Location
- Country: United States
- State: Oregon
- County: Marion

Physical characteristics
- Source: Waldo Hills
- • location: near Macleay
- • coordinates: 44°52′54″N 122°53′26″W﻿ / ﻿44.88167°N 122.89056°W
- • elevation: 462 ft (141 m)
- Mouth: Pudding River
- • location: near Mount Angel
- • coordinates: 45°04′25″N 122°51′13″W﻿ / ﻿45.07361°N 122.85361°W
- • elevation: 131 ft (40 m)

= Little Pudding River =

The Little Pudding River is a tributary of the Pudding River in Marion County in the U.S. state of Oregon.
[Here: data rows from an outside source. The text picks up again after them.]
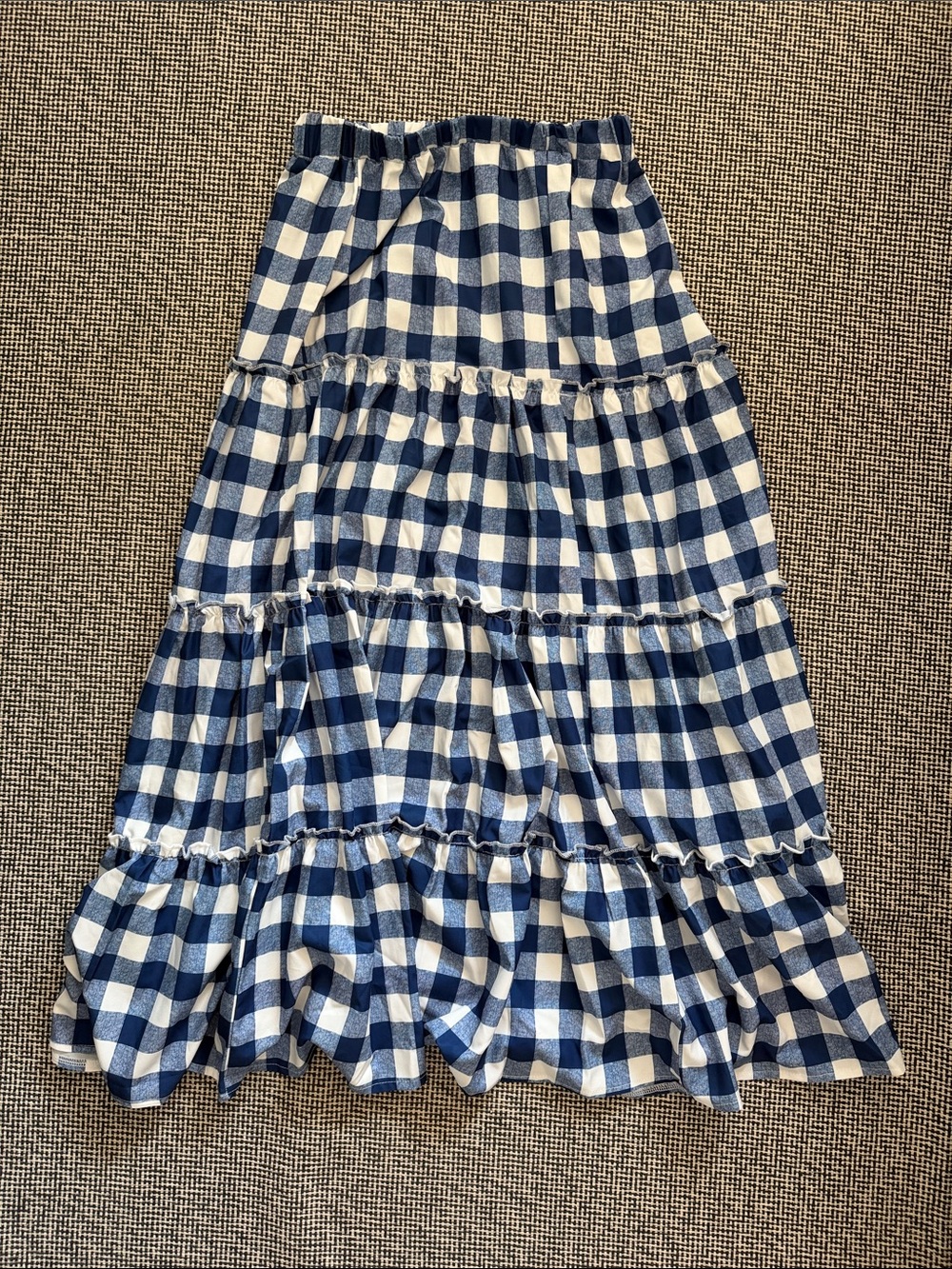 Blue and White Gingham Tiered Maxi Skirt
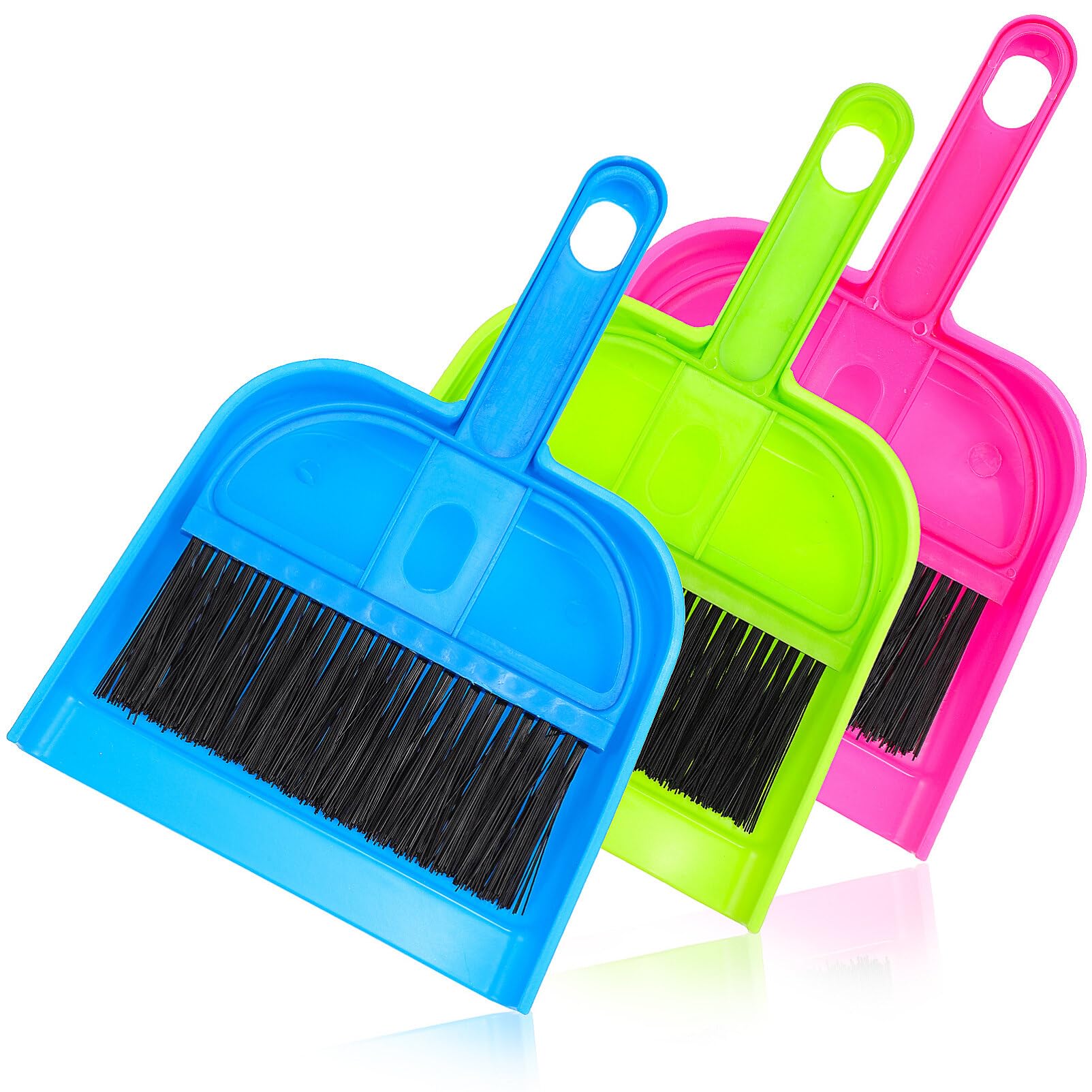 Mini Broom & Dustpan Set - 3 Pack Handheld Cleaning Tools for Kids & Home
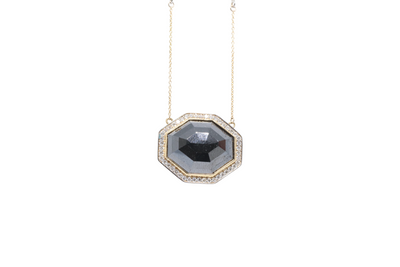 18k yellow gold black diamond pendant and diamond necklace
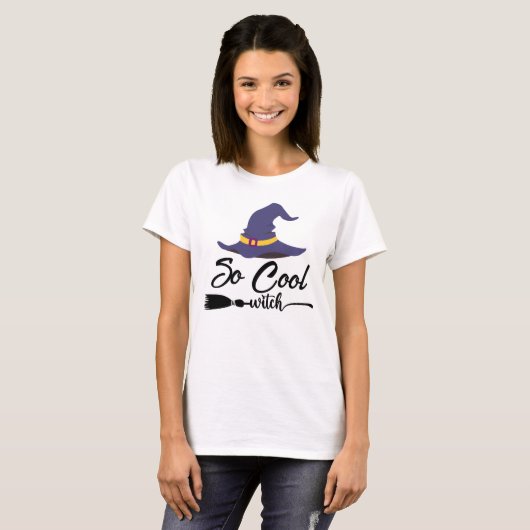 Schattige Cool Witch Zwart Wit Custom Vrouwen T-shirt (Voorkant volledig)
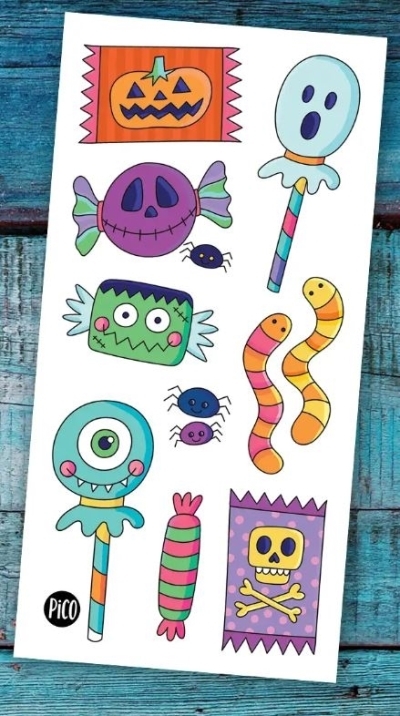 Tatouage temporaire - Les bonbons d'Halloween | Tatouage temporaire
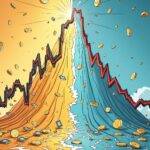 An illustration: A stylized graph with rising lines for bitcoin ETFs and falling lines for ethereum ETFs; two separate charts side by side showing contrasting trends between them; cash pouring into one chart while the other is empty. In the background, subtle images of coins flowing in opposite directions to emphasize the contrast. The overall design should evoke a sense of movement and dynamic change. A stylized bitcoin logo at the top left corner and an ethereum logo at the bottom right corner will be used as visual identifiers for each respective chart without any text or labels.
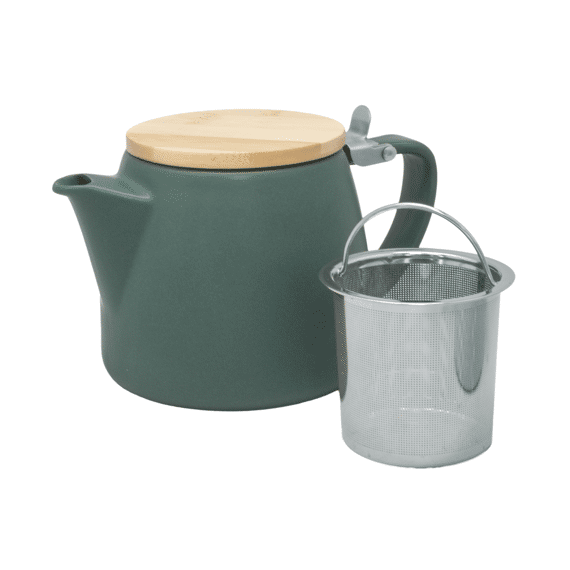 Nerthus Theepot Met Filter En Bamboe Deksel Groen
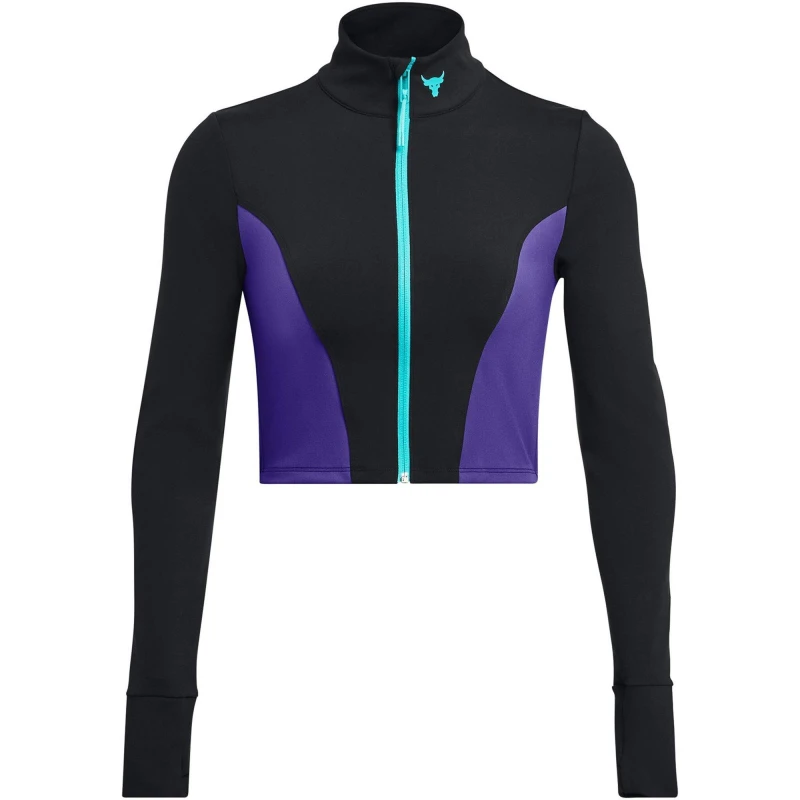 Image of Under Armour Project Rock Cropped Gym Jacket Womens Black female 8 (XS)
It begins in the Waldo Hills near Macleay, east of Salem, and flows generally north to meet the larger river west of Mt. Angel. The confluence is about 37 mi from the Pudding River's mouth on the Molalla River.

==Course==
The river flows northwest from near Macleay under State Street, Conifer Street Northeast, and Sunnyview Road before turning north, then northwest again and flowing under Oregon Route 213. Shortly thereafter, it receives West Fork from the left. Downstream of this, as it flows by Hazel Green, Howell Prairie is on its right, and Lake Labish is on its left. Turning northeast, the river receives Woods Creek from the right as well as Lake Labish Ditch and Carnes Creek from the left before passing under Howell Creek Road near Parkerville Dam and entering the Pudding River.

==Floods==

Lake Labish Ditch was created in the late 19th century to drain historic Lake Labish in order to use the lakebed for farming. Before 1950, floods on the Pudding River sometimes flowed backwards up the Little Pudding River and into the valley around the ditch. In the 1950s, the Natural Resources Conservation Service built Parkerville Dam and pump station on the lower Little Pudding to prevent backflow flooding. Even so, water accumulating behind the dam flooded 15 homes in Keizer in 1996.